• REQUIRED ACTION
Leave every picture behind and copy the rest of the entries below exactly.

** Opening DATA FOR THIS TASK block **

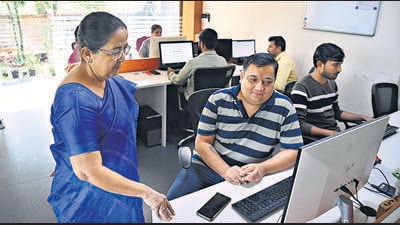 Annada Ranade , founder of HR Neet, with the staff at their office in Pashan. (HT PHOTO)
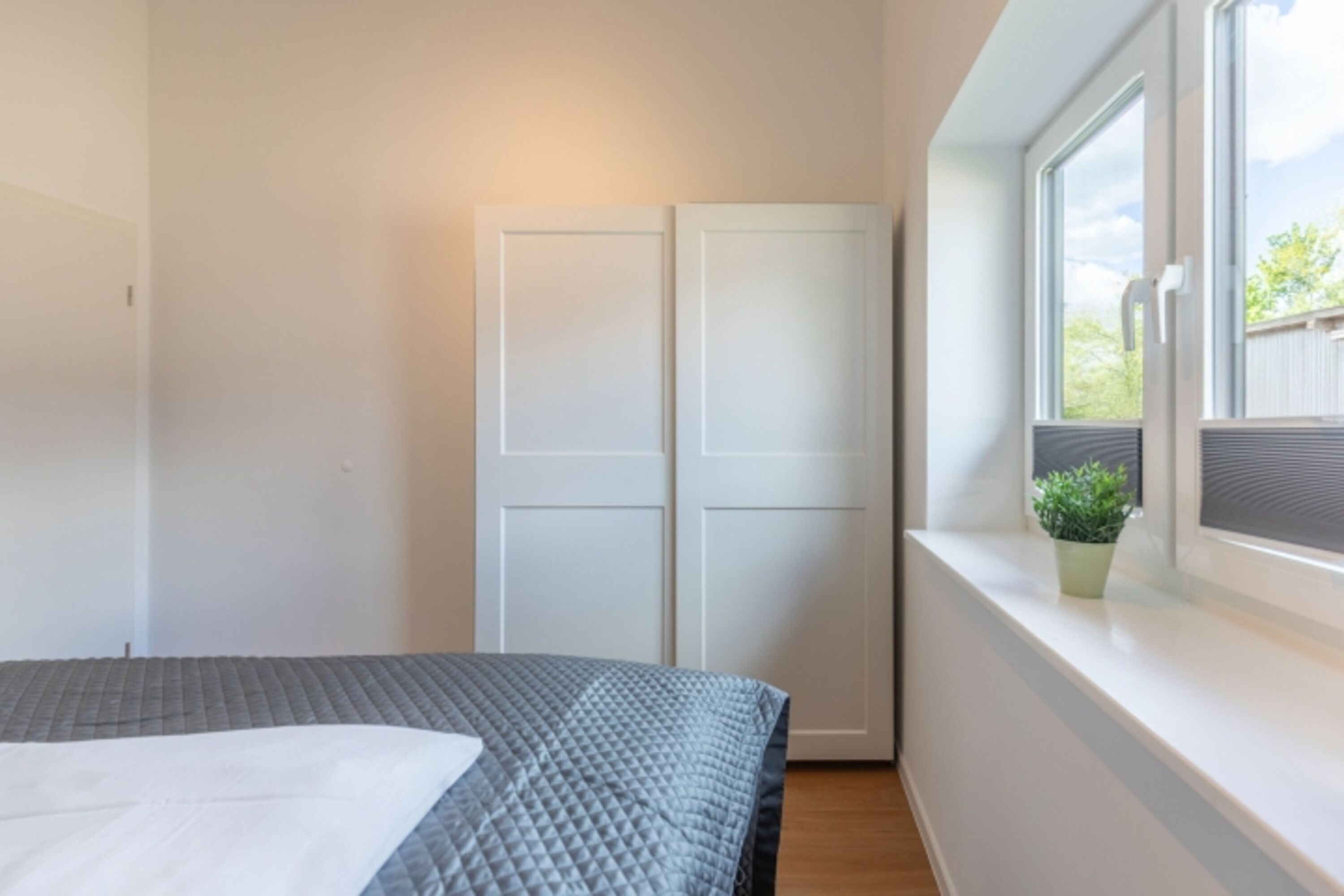 Huus Blaumees - Schlafzimmer 2 mit gemütlichem Doppelbett
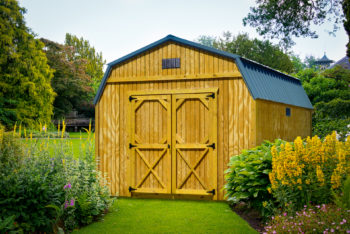 A lofted storage building in Tennessee with wood siding and double doors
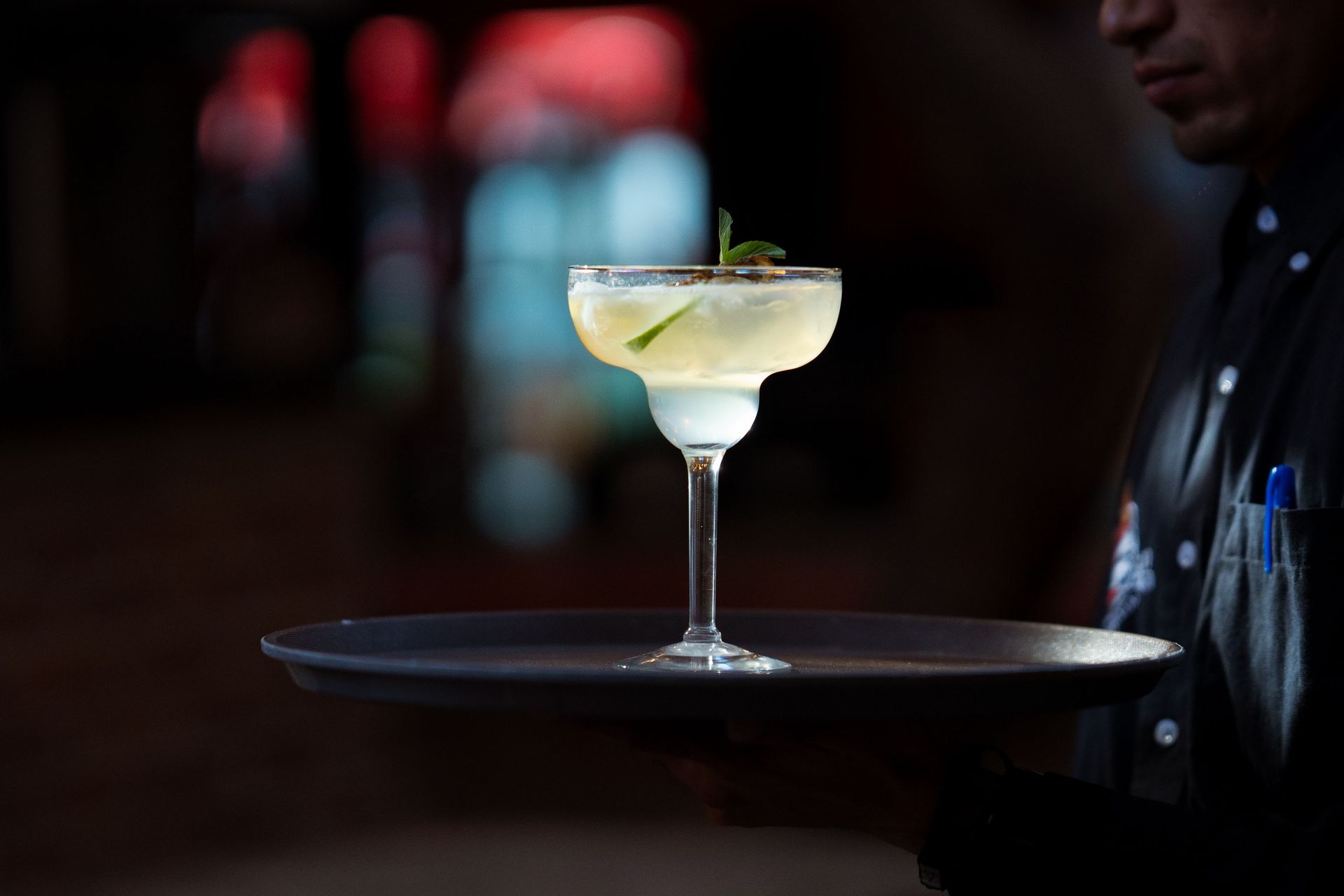 A refreshing margarita cocktail with lime wedge, served in a sophisticated setting.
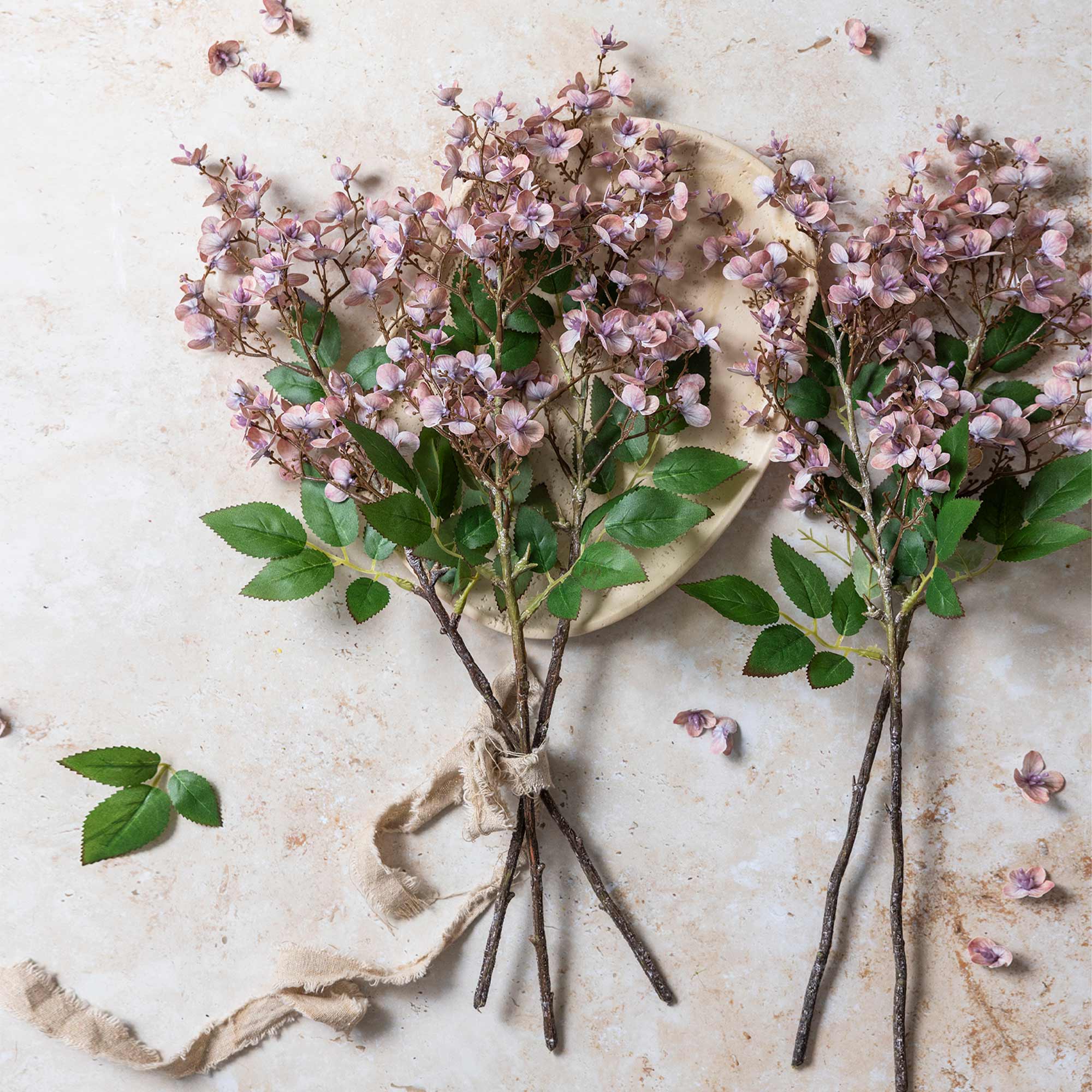 Abigail Ahern Faux Japanese Cherry in Blush in a vase on a beige background at Addison West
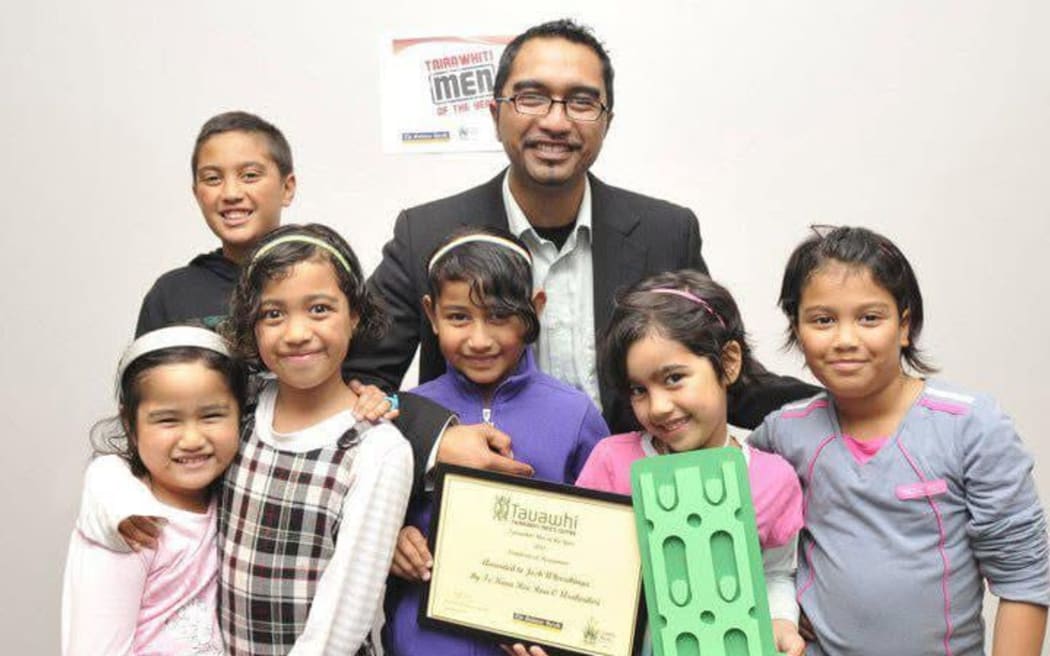 Josh Wharehinga with his children and award at the 2011 Tairawhiti Man of the Year Awards hosted by Tauawhi Men's Centre. Wharehinga says he has always been a father first and councillor second.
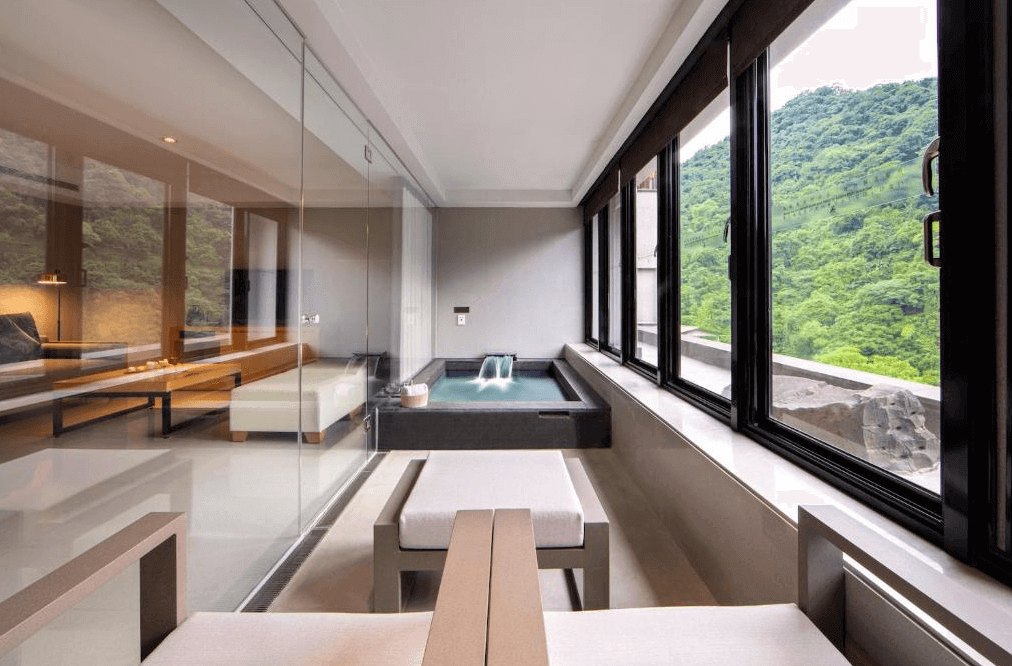 【烏來住宿】璞石麗緻溫泉會館的私人溫泉區採用大面玻璃窗設計，可直接欣賞窗外山林美景。黑色石材溫泉池與休憩區緊密相連，設計簡潔大方，提供極佳的私密性與舒適感。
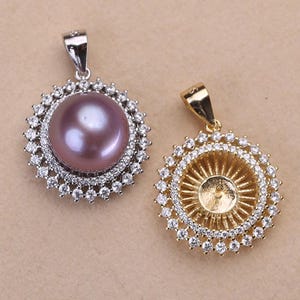 Puede incluir: Dos colgantes de plata y oro con un diseño redondo de cristal transparente. Un colgante presenta una perla morada en el centro.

** Closing DATA FOR THIS TASK block **

• YOUR SOLUTION
 Annada Ranade , founder of HR Neet, with the staff at their office in Pashan. (HT PHOTO)
 Huus Blaumees - Schlafzimmer 2 mit gemütlichem Doppelbett
 A lofted storage building in Tennessee with wood siding and double doors
 A refreshing margarita cocktail with lime wedge, served in a sophisticated setting.
 Abigail Ahern Faux Japanese Cherry in Blush in a vase on a beige background at Addison West
 Josh Wharehinga with his children and award at the 2011 Tairawhiti Man of the Year Awards hosted by Tauawhi Men's Centre. Wharehinga says he has always been a father first and councillor second.
 【烏來住宿】璞石麗緻溫泉會館的私人溫泉區採用大面玻璃窗設計，可直接欣賞窗外山林美景。黑色石材溫泉池與休憩區緊密相連，設計簡潔大方，提供極佳的私密性與舒適感。
 Puede incluir: Dos colgantes de plata y oro con un diseño redondo de cristal transparente. Un colgante presenta una perla morada en el centro.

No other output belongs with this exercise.